Dans ces poches de pauvreté où drogue et alcool sont très présents, où les jeunes sont sexuellement actifs à un âge précoce, de nombreux profils sont sujets au décrochage scolaire. Maeva, 14 ans, a grandi dans un milieu ultra défavorisé. Sa mère Johanna, 28 ans, mère de cinq autres enfants, habite un deux-pièces avec ses parents, ses frères et sœurs et les enfants de ces derniers. 17 personnes au total se partagent l’espace. La famille est assistée par Caritas ainsi que les responsables d’Étoile de Mer. Parmi eux, Corinne Rivalland. « Nous faisons de notre mieux pour trouver un logement décent àcette famille », nous dit celle qui est l’un des membres fondateurs de l’établissement.

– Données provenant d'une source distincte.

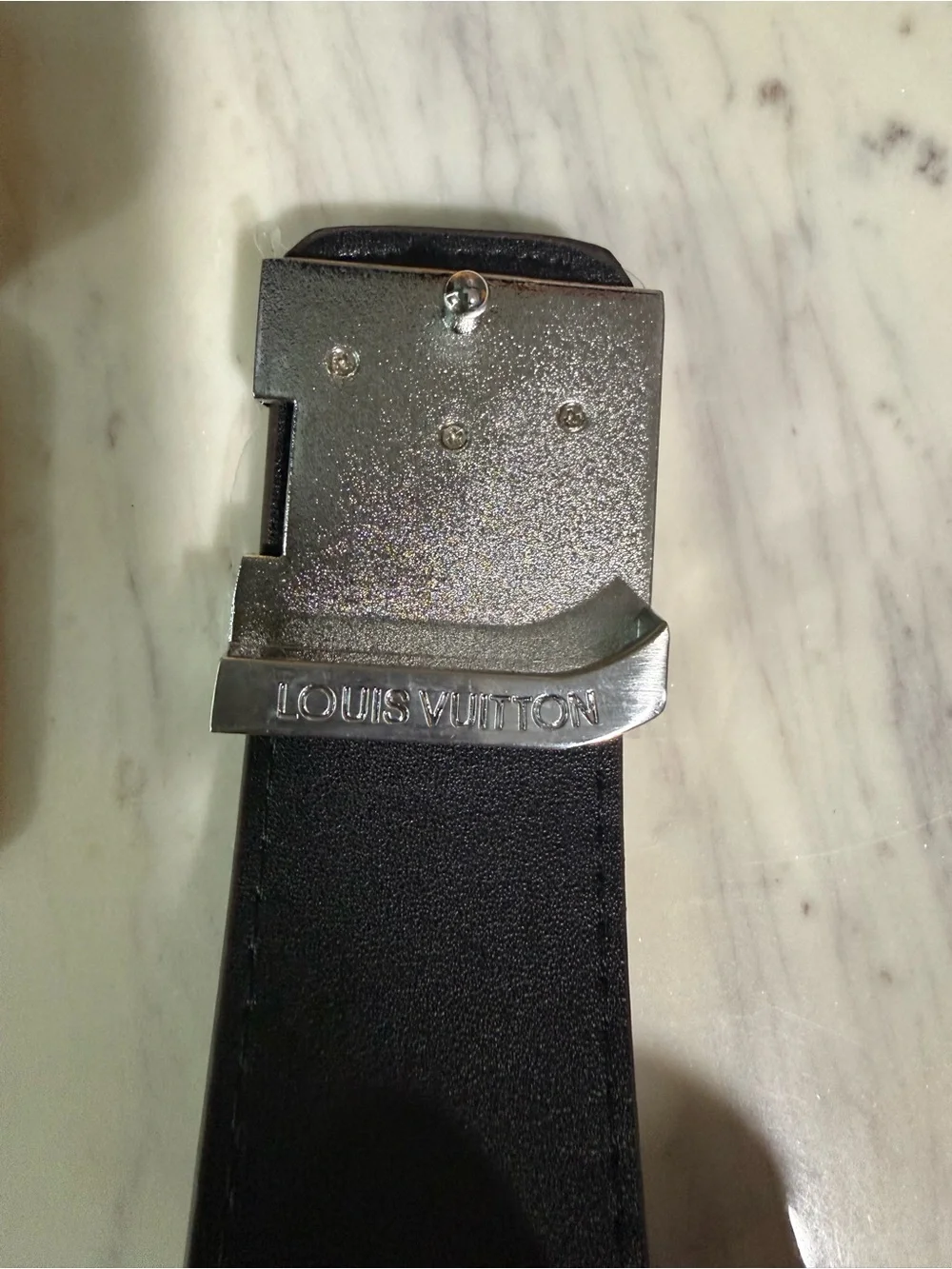 Louis Vuitton Brown Monogram Men's Belt with Silver LV Buckle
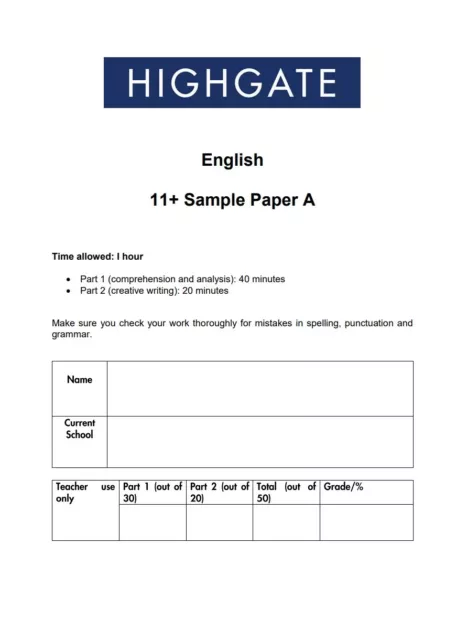 Highgate School 11 plus 11+ English Entrance Exam Sample Paper A With Answers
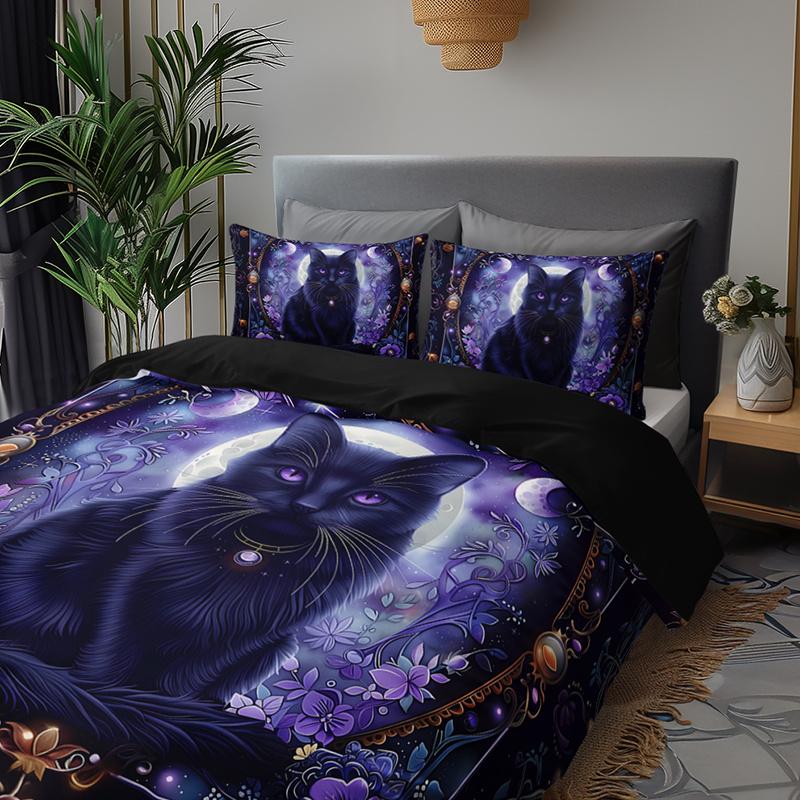 3pcs Mystic Black Cat Bedding Duvet Cover Set Moonlit Cat Bedding Quilt Set Purple Floral Themed Bed Set Elegant Moon & Stars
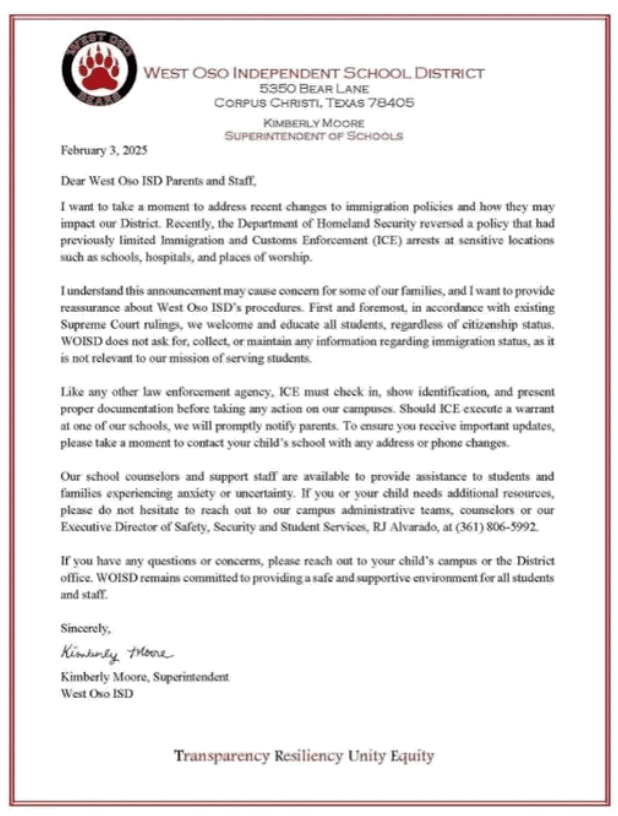 Letter by West Oso ISD (Facebook/Fox News)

« J’ai tellement progressé ici »

La plupart des élèves d’Étoile de Mer ont une vie difficile et ont dû interrompre leur scolarité. Aujourd’hui, ils sont heureux d’exercer un métier et de progresser à leur rythme dans leur apprentissage professionnel. Comme c’est le cas pour Yonie Gateau, bientôt 18 ans, actuellement en stage à Azuri en plomberie. Après deux tentatives infructueuses au Certificate of Primary Education (CPE), il a choisi d’intégrer l’école alternative de Roches-Noires. « Je ne suis plus le même. J’ai tellement progressé ici ! », dit-il. Idem pour un autre ancien élève : Stéphane Pavillon, 20 ans, qui, lui, rencontrait des difficultés de lecture. Aujourd’hui, il sait lire et écrire, assiste son père dans le travail du marbre, tout en étant coach de foot.

Christiane Baudot, la mère de Corinne Rivalland, fait partie des bénévoles fondatrices d’Étoile de Mer. « En arrivant à Roches-Noires en 1987, je me suis intéressée à la vie de la paroisse. C’est ainsi que j’ai pu constater qu’ils étaient nombreux à ne pas savoir écrire leur nom, bien qu’ils fréquentaient l’école primaire. J’ai attiré l’attention du curé, le père Murphy, sur ce problème en lui disant qu’il était impératif de faire quelque chose pour ces enfants. Il m’a alors dit: Occupez-vous de cela. Et c’est comme ça que tout a commencé. » L’école, qui accueillait sept élèves au départ, s’agrandira progressivement pour pallier le très faible niveau scolaire de certains enfants de la région de Roches-Noires et des alentours. Dès le début, elle s’associe au réseau ANFEN car une expertise particulière était nécessaire pour la prise en charge informelle de l’éducation des jeunes.